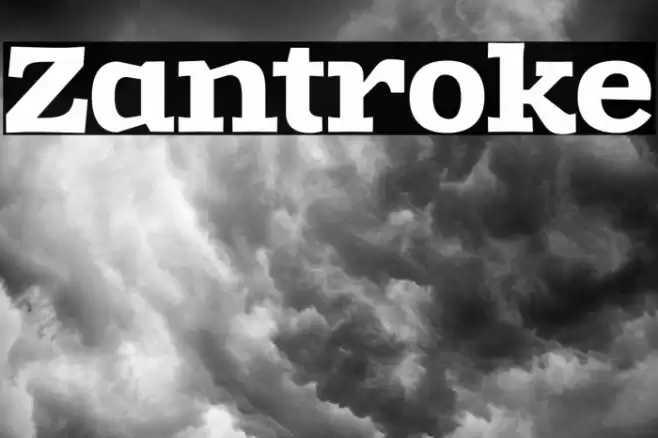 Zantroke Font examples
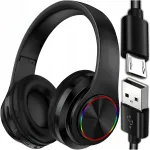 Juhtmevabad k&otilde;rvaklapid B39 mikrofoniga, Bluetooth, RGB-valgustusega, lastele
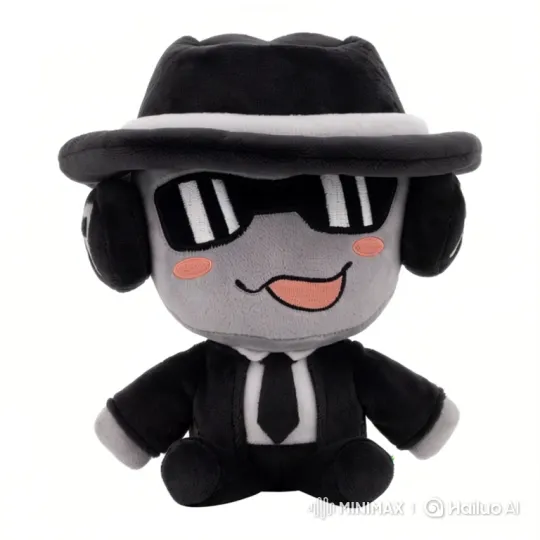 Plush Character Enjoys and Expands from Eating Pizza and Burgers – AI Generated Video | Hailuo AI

■ ■ ■ ■ ■ ■ ■

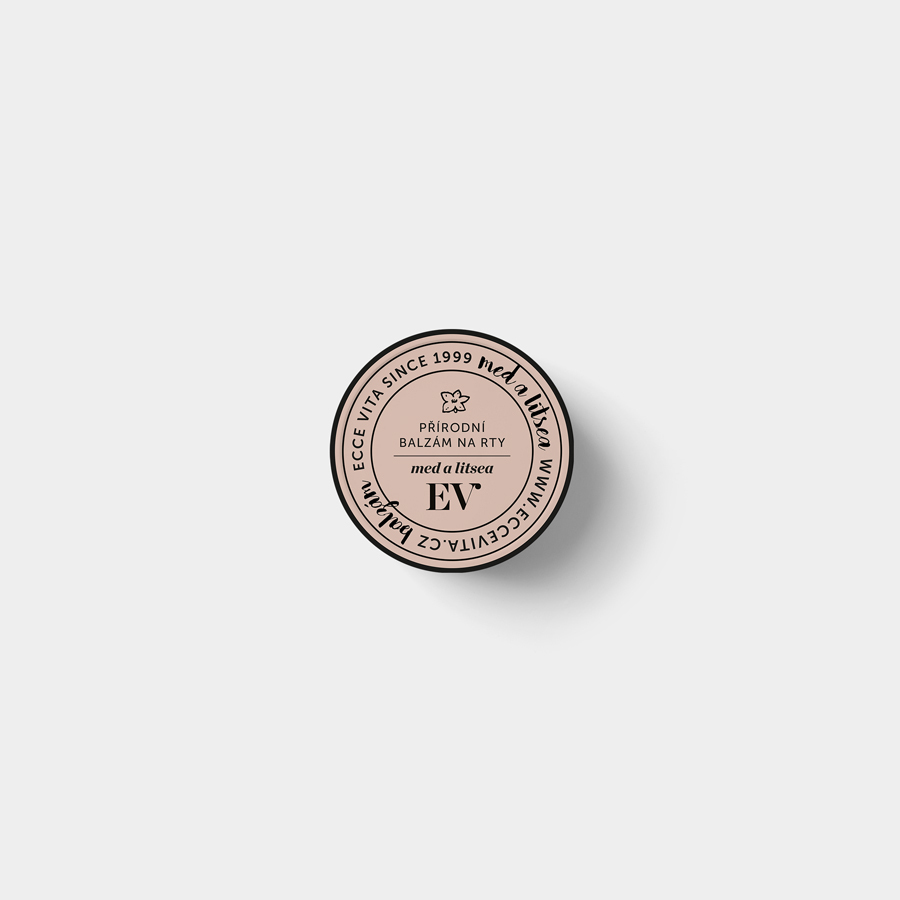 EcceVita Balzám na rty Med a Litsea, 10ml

■ ■ ■ ■ ■ ■ ■

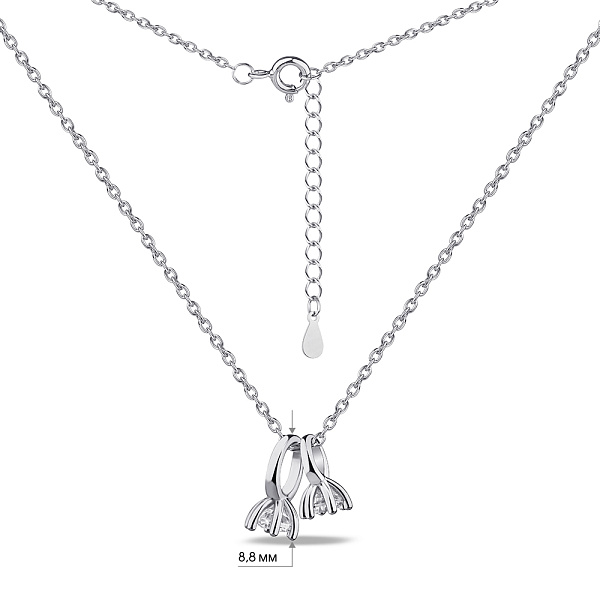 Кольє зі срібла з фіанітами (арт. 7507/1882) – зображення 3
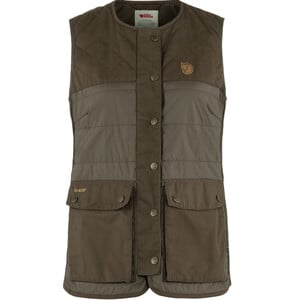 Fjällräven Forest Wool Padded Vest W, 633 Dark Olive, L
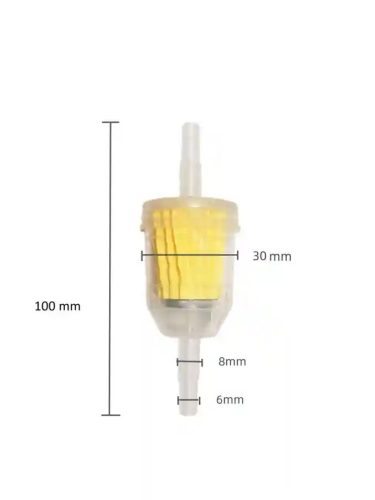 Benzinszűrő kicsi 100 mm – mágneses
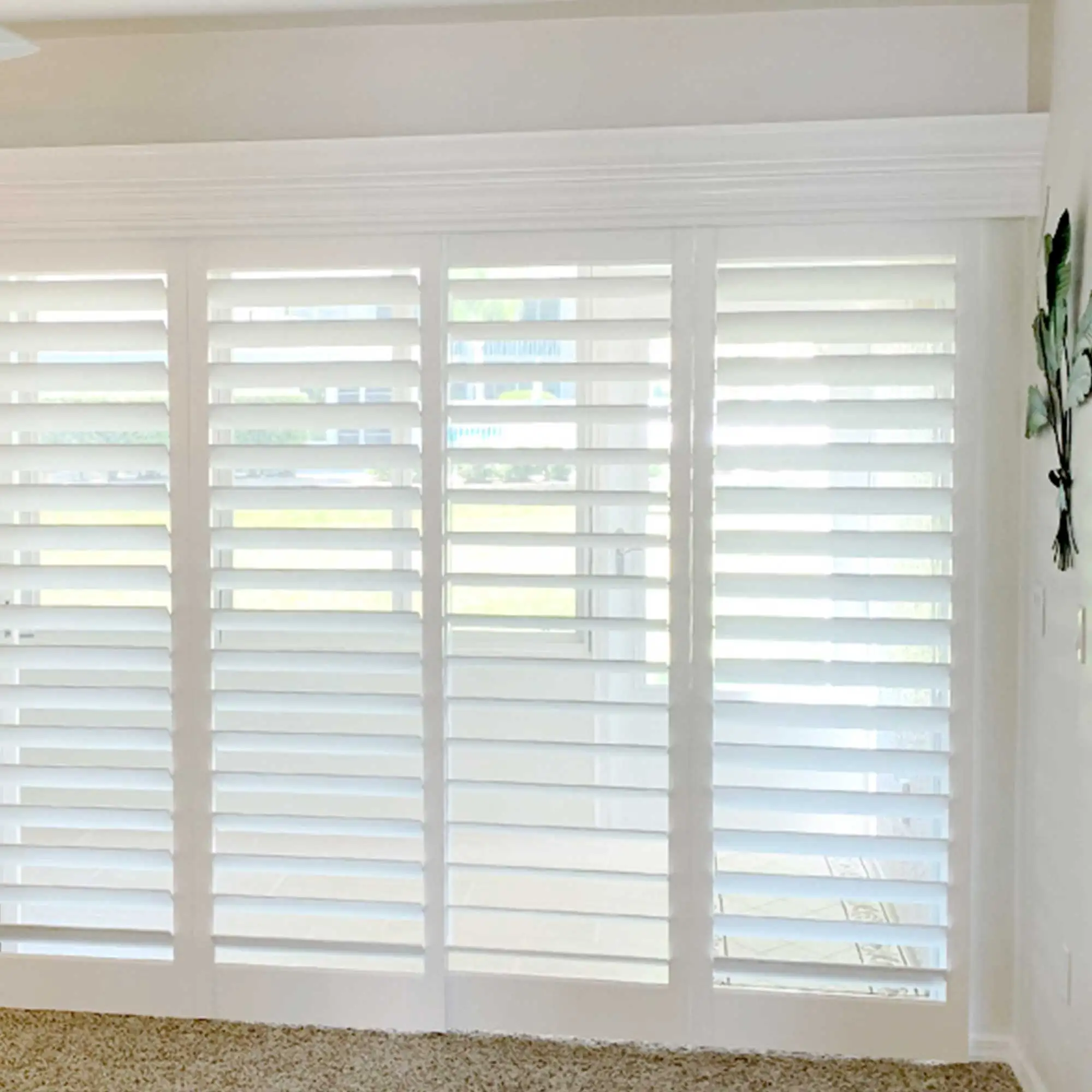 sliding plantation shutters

■ ■ ■ ■ ■ ■ ■

- [Instructions to follow] Excluding any pictures, print exactly the lines of the listing above from the line with "Кольє зі срібла" to the line with "sliding plantation shutters", both ends included.

- [Your response]
 Кольє зі срібла з фіанітами (арт. 7507/1882) – зображення 3
 Fjällräven Forest Wool Padded Vest W, 633 Dark Olive, L
 Benzinszűrő kicsi 100 mm – mágneses
 sliding plantation shutters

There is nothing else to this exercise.